* Your objective: All of the entries need to be printed again exactly; pictures are the only thing to omit.

* Material provided:
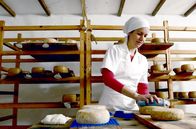 Magische Anden – Ana Machado bearbeitet ihren traditionellen handgemachten Käse aus den Anden, den schon ihre Mutter herstellte.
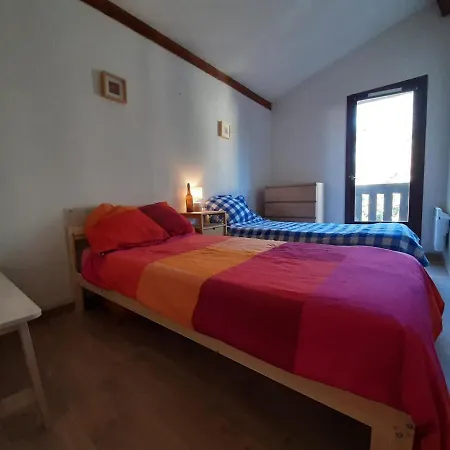 Holiday home Maison Renovee Avec Terrasse A 700m Des Plages, Marche Et Activites - Tennis Et Piste Cyclable A 10m - Fr-1-239-385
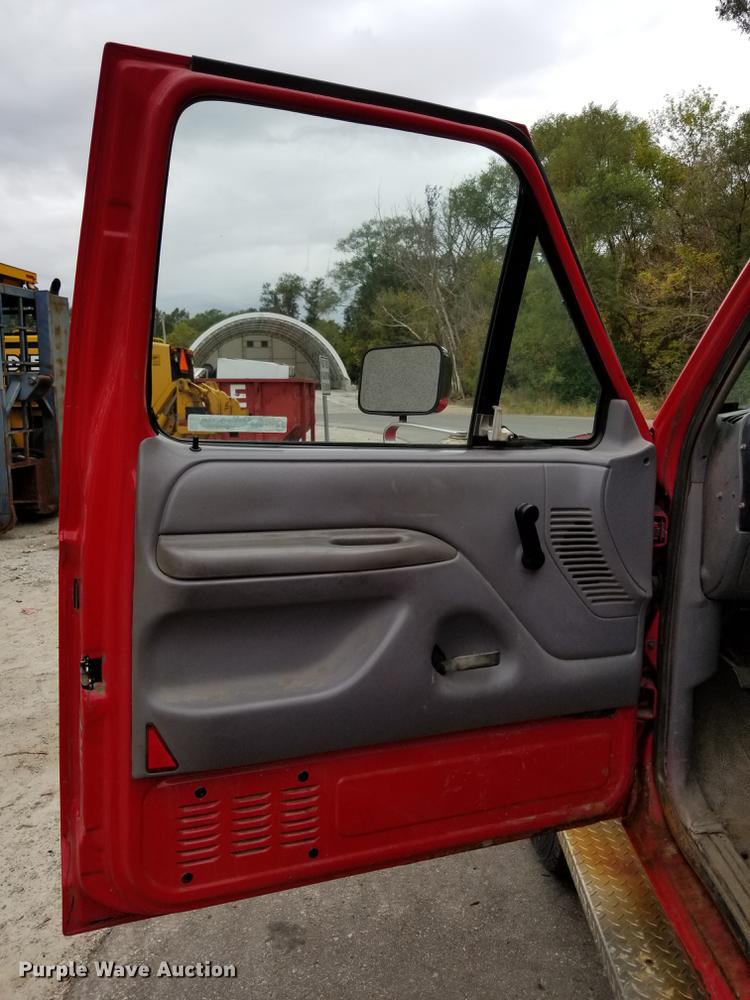 image for item DP9930 1997 Ford F250 Super Duty flatbed pickup truck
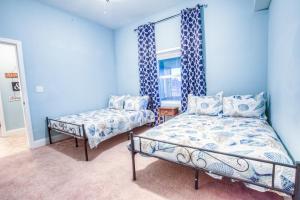 Apartment room in Large 3 Bd Penthouse 2034 In Laketown Great Views and Amenities!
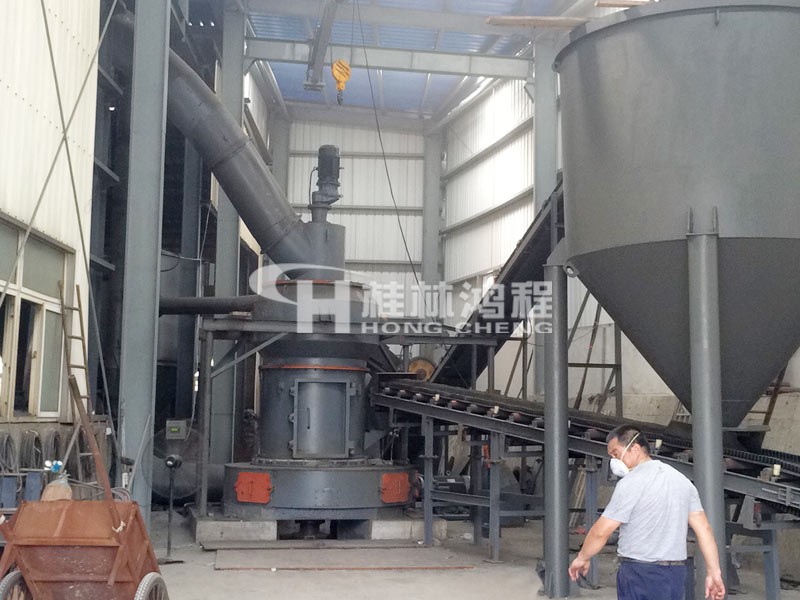 安徽铜矿石干磨设备桂林鸿程HC摆式磨粉机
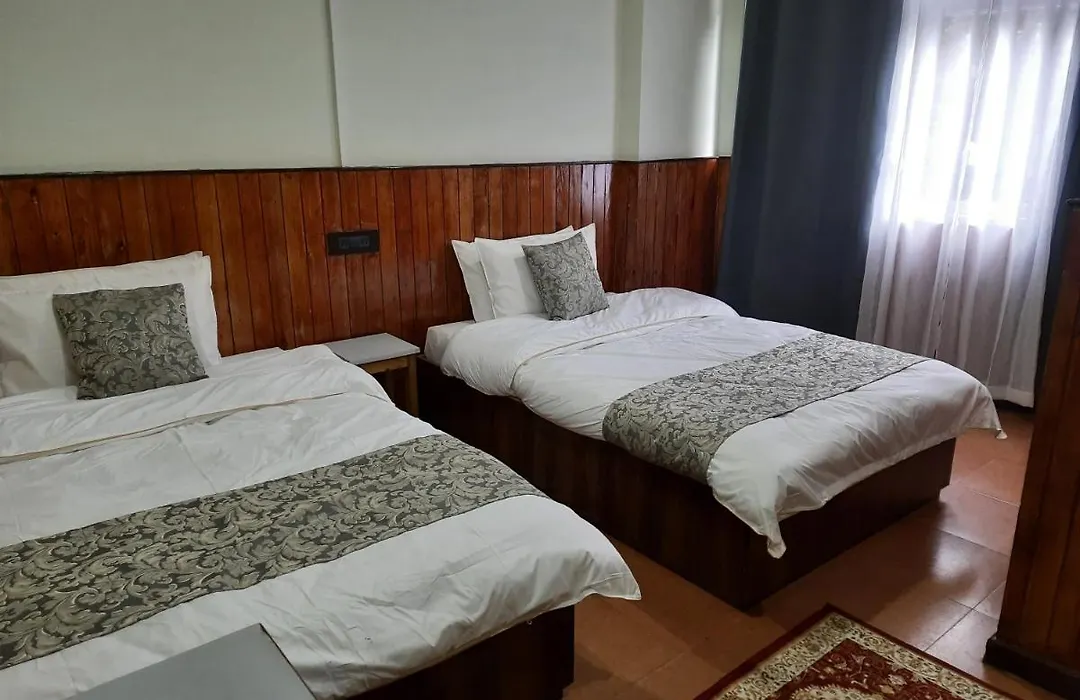 Kanari B&B-1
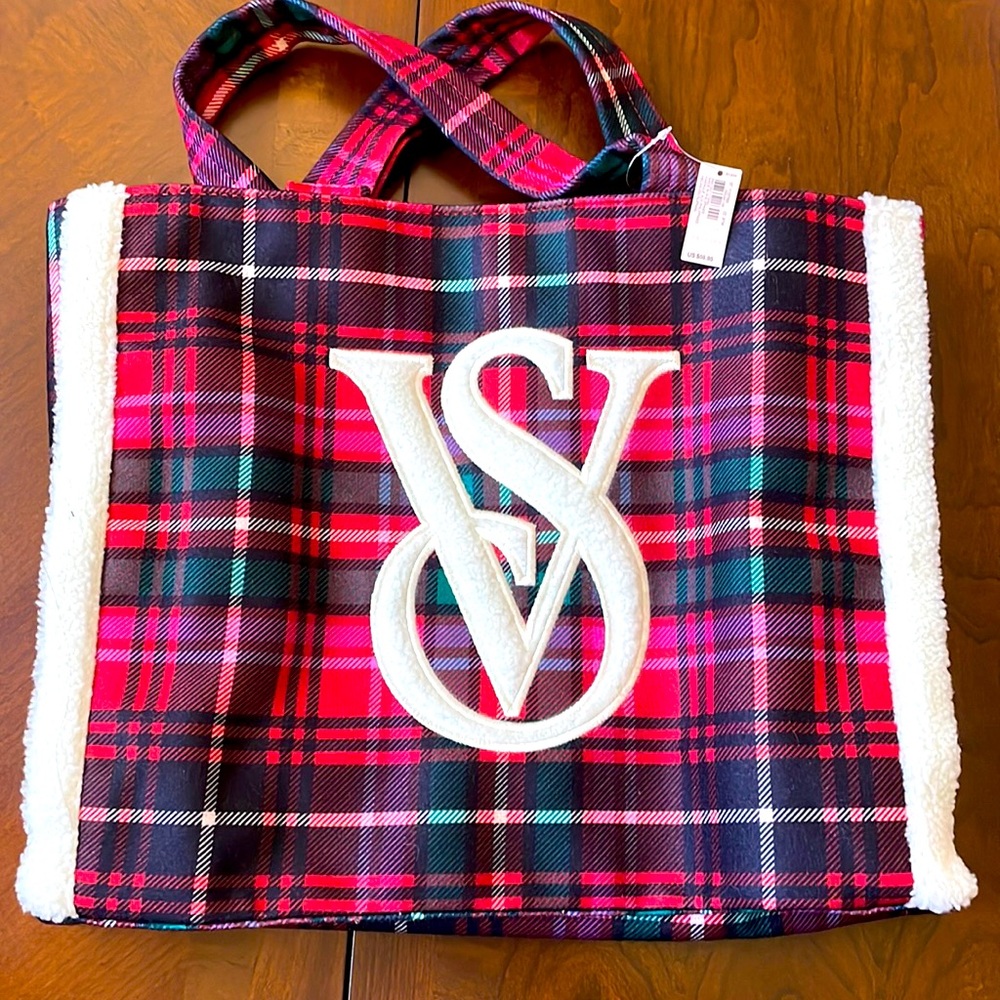 Victoria’s Secret Limited Edition Holiday 2022 Tote Bag Tartan Plaid NWT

* Final answer:
 Magische Anden – Ana Machado bearbeitet ihren traditionellen handgemachten Käse aus den Anden, den schon ihre Mutter herstellte.
 Holiday home Maison Renovee Avec Terrasse A 700m Des Plages, Marche Et Activites - Tennis Et Piste Cyclable A 10m - Fr-1-239-385
 image for item DP9930 1997 Ford F250 Super Duty flatbed pickup truck
 Apartment room in Large 3 Bd Penthouse 2034 In Laketown Great Views and Amenities!
 安徽铜矿石干磨设备桂林鸿程HC摆式磨粉机
 Kanari B&B-1
 Victoria’s Secret Limited Edition Holiday 2022 Tote Bag Tartan Plaid NWT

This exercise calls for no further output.